The RED and BLACK signals warn the public of heavy rain which is likely to bring about serious road flooding and traffic congestion. They will trigger response actions by Government departments and major transport and utility operators. The public will be given clear advice on the appropriate actions to take.

History
Heavy rain warning was first introduced in April 1967 together with thunderstorm warning by the Royal Observatory of Hong Kong as a result of the three rainstorms in 1966 which claimed 86 lives. The heavy rain warning was issued when an hourly rainfall of more than 50 mm (2 inches before metrication) was expected in six hours. Both heavy rain and thunderstorm warnings were issued to the public through press release, radio broadcast and telephone calling service to subscribers. In 1983, the heavy rain warning was replaced by flood and landslip warnings.

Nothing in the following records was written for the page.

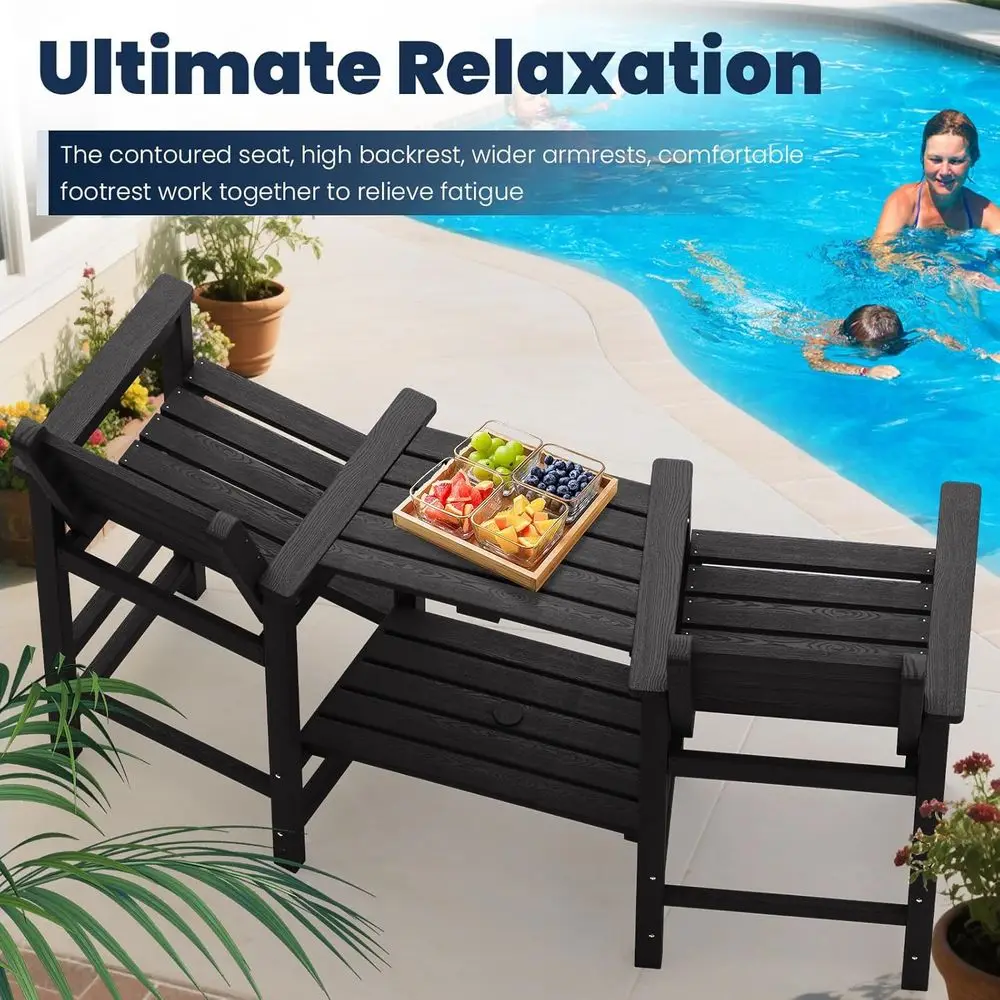 زوج من كراسي آديرونداك عالية الدقة مقاومة للطقس مع صواني مزدوجة قابلة للفصل للفناء الخارجي والسطح وحمامات السباحة #2
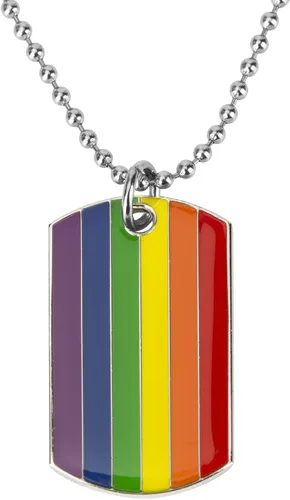 Collar LGBT con colgante de etiquetas de perro del orgullo del arco iris del progreso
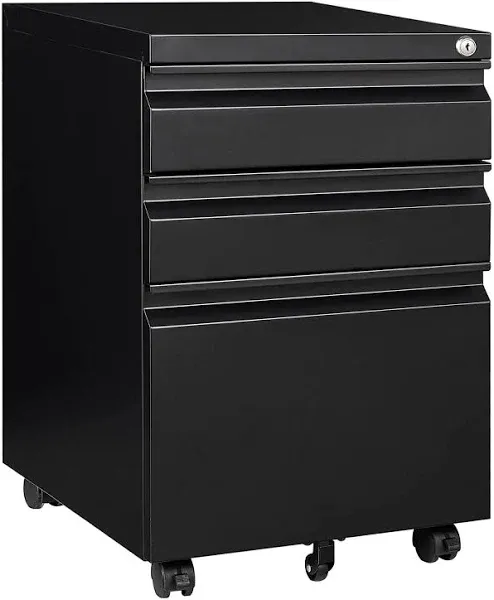 3 Drawer Mobile File Cabinet with Lock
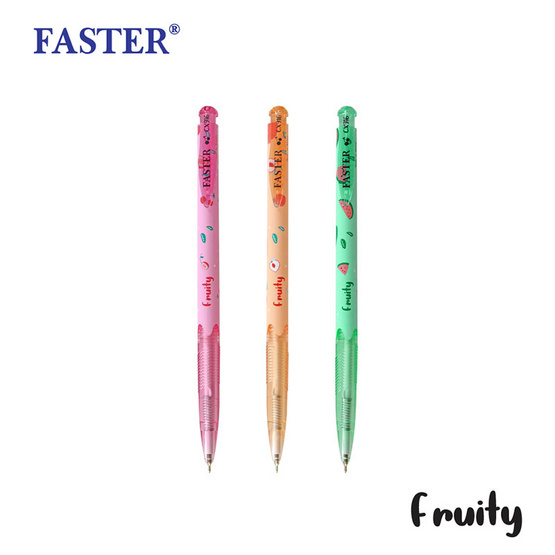 FASTER ปากกาลูกลื่น Fruity 0.38 มม. หมึกน้ำเงิน ด้ามคละลาย (กล่อง 12 ด้าม) FASTER ปากกาลูกลื่น Fruity 0.38 มม. หมึกน้ำเงิน ด้ามคละลาย (กล่อง 12 ด้าม)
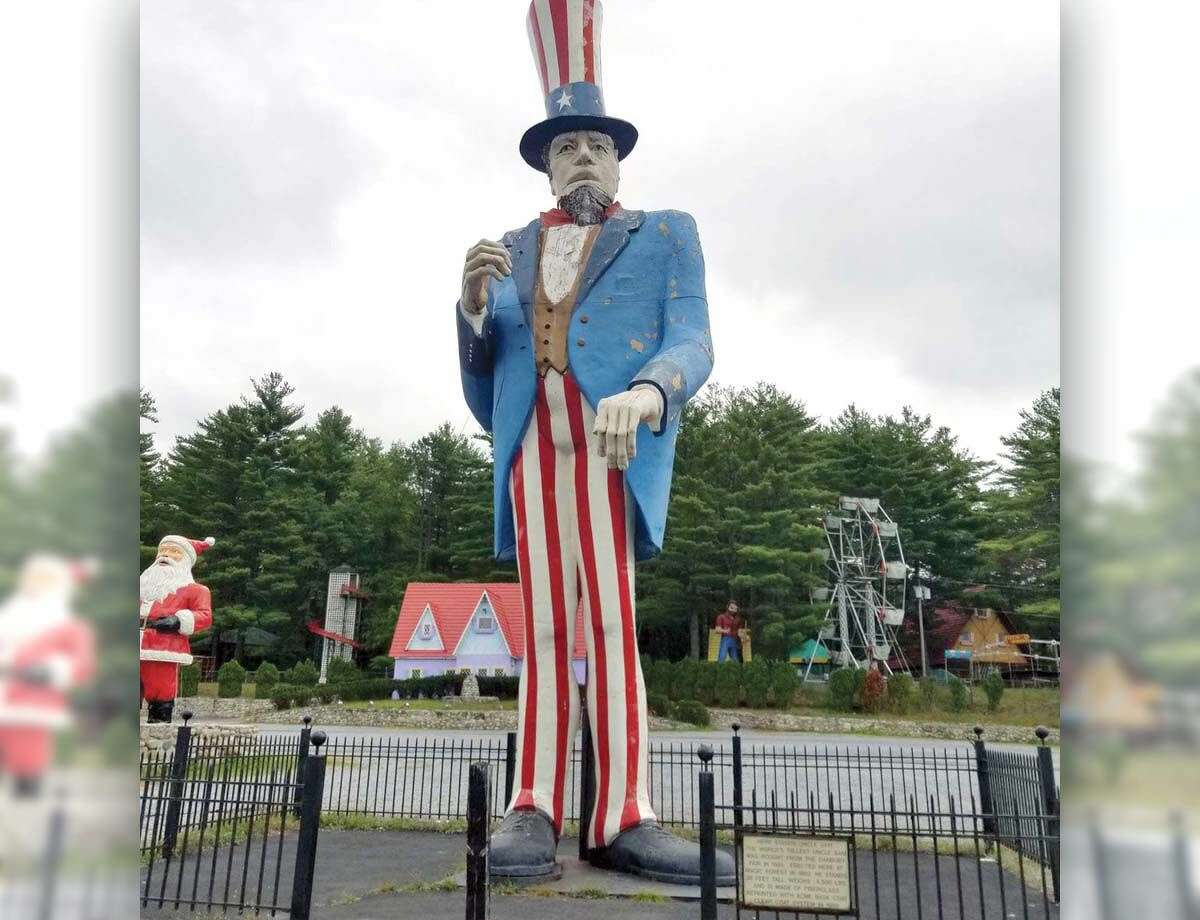 Mayor Mark Boughton struck a deal to buy this Uncle Sam statue back from its owners in Lake George, N.Y., who have displayed it at their amusement park since the Great Danbury Fair closed in 1982.
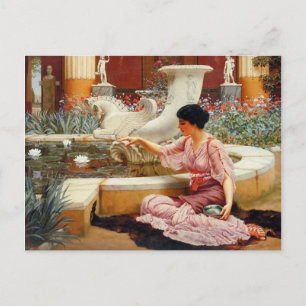 A Pompeian Garden - Godward Postcard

On 8 May 1992, the Royal Observatory of Hong Kong recorded 109.9 mm rainfall from 6 o'clock to 7 o'clock in the morning, breaking the hourly rainfall record on 12 June 1966. The torrential rain caused over 200 cases of flooding and many landslips. Road traffic was paralysed. Some roads in Admiralty were turned into rapids washing several people away. However, the Education Department did not announce school closure until 11 am, so many students braved the elements to go to schools, but some of them only found on arrival that their schools were closed, and parents were confused and worried for the safety of their children. Five people, including two children, were killed by landslides, lightning and rapid flooding. Because of this rainstorm, the Observatory proposed Hong Kong rainstorm warning signals which included three colours, amber, red and black. The amber signal were the first stage of the warning system based on forecast of heavy rainstorms, and were used to alert government departments and major public transport and utility services. The red and black signals were the second stage of the warning system based on actual rainfall levels recorded, and were issued to the public.
 Amber: More than 50 mm of rain is expected in the Hong Kong region within six hours.
 Red: Rainstorm has started and more than 50 mm of rain has been recorded over a wide area within the last hour or less.
 Black: More than 100 mm of rain has been recorded within the past two hours or less.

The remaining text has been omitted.